> _Work required_: Output only the lines from the line holding "Cort Depozitare 4" through the close of the records, exactly as they appear, with all pictures omitted.

> _Source data_:
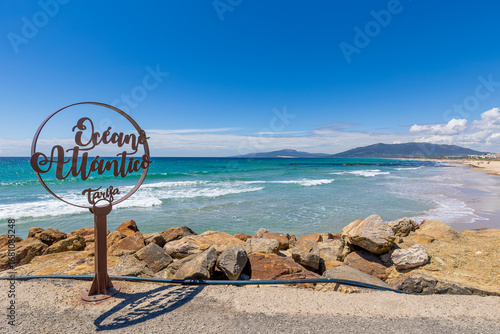 Bild auf Leinwand Frontera Mar Mediterráneo - Océano Atlántico in Tarifa in der Provinz Cadiz in A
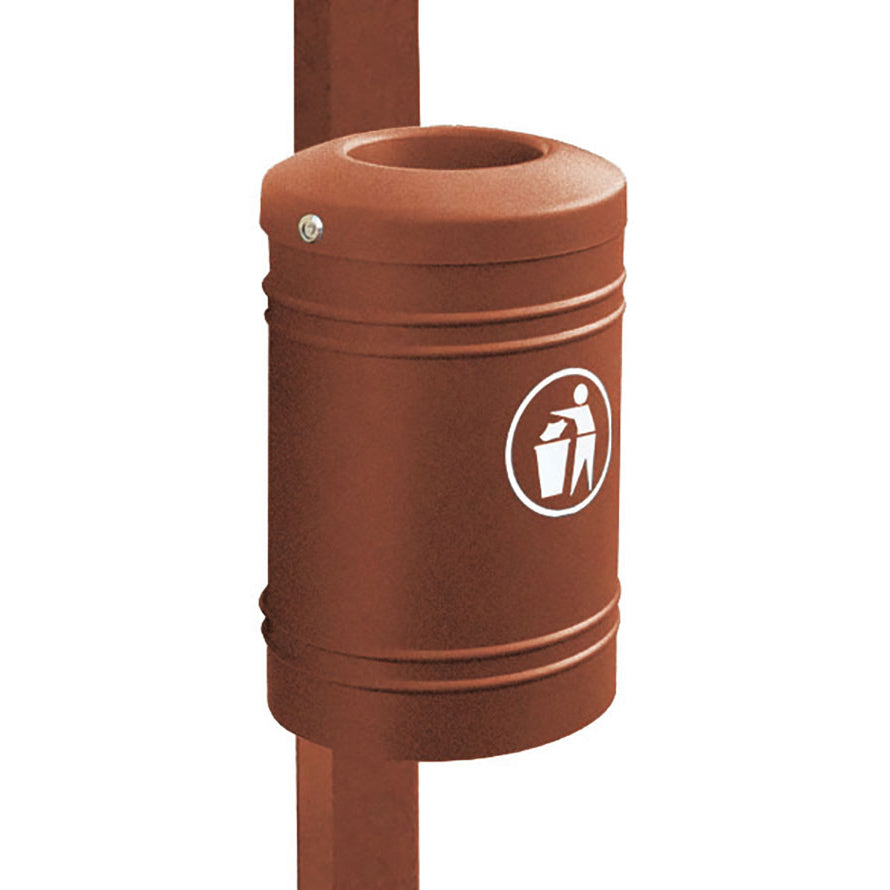 Procity Litter Bin for Walls and Posts 40L (76mm Diameter Post / Galvanised & Powder Coated Corten Effect)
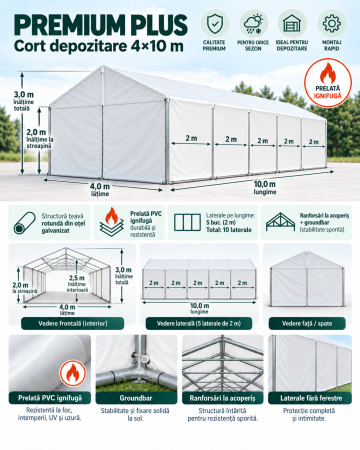 Cort Depozitare 4 x 10 - Cort Depozitare Industrial 4x10 m Premium Plus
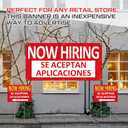 1 Pcs 2 x 4 ft Now Hiring Banner and 2 Pcs 18 x 24 Inch Now Hiring Yard Sign with Stakes Se Aceptan Aplicaciones English and Spanish Bilingual Signage Outdoor Indoor for Business and Stores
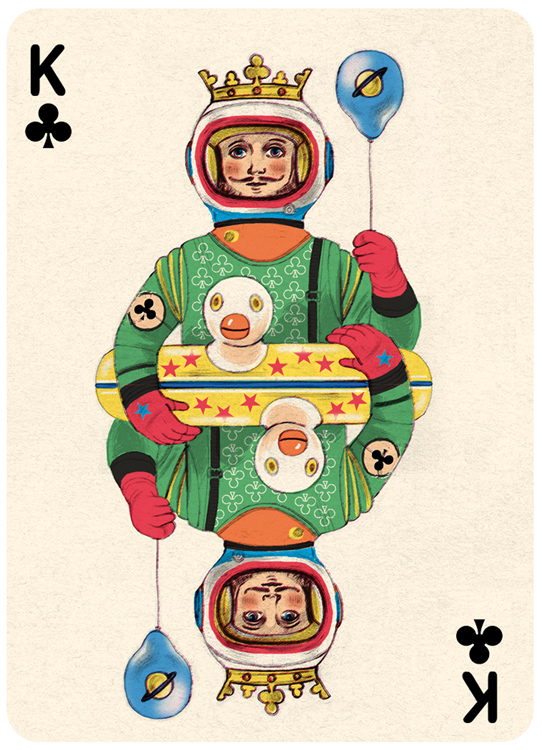 King Clubs Playing Card Illustration by Jonathan Burton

> _Task answer_:
 Cort Depozitare 4 x 10 - Cort Depozitare Industrial 4x10 m Premium Plus
 1 Pcs 2 x 4 ft Now Hiring Banner and 2 Pcs 18 x 24 Inch Now Hiring Yard Sign with Stakes Se Aceptan Aplicaciones English and Spanish Bilingual Signage Outdoor Indoor for Business and Stores
 King Clubs Playing Card Illustration by Jonathan Burton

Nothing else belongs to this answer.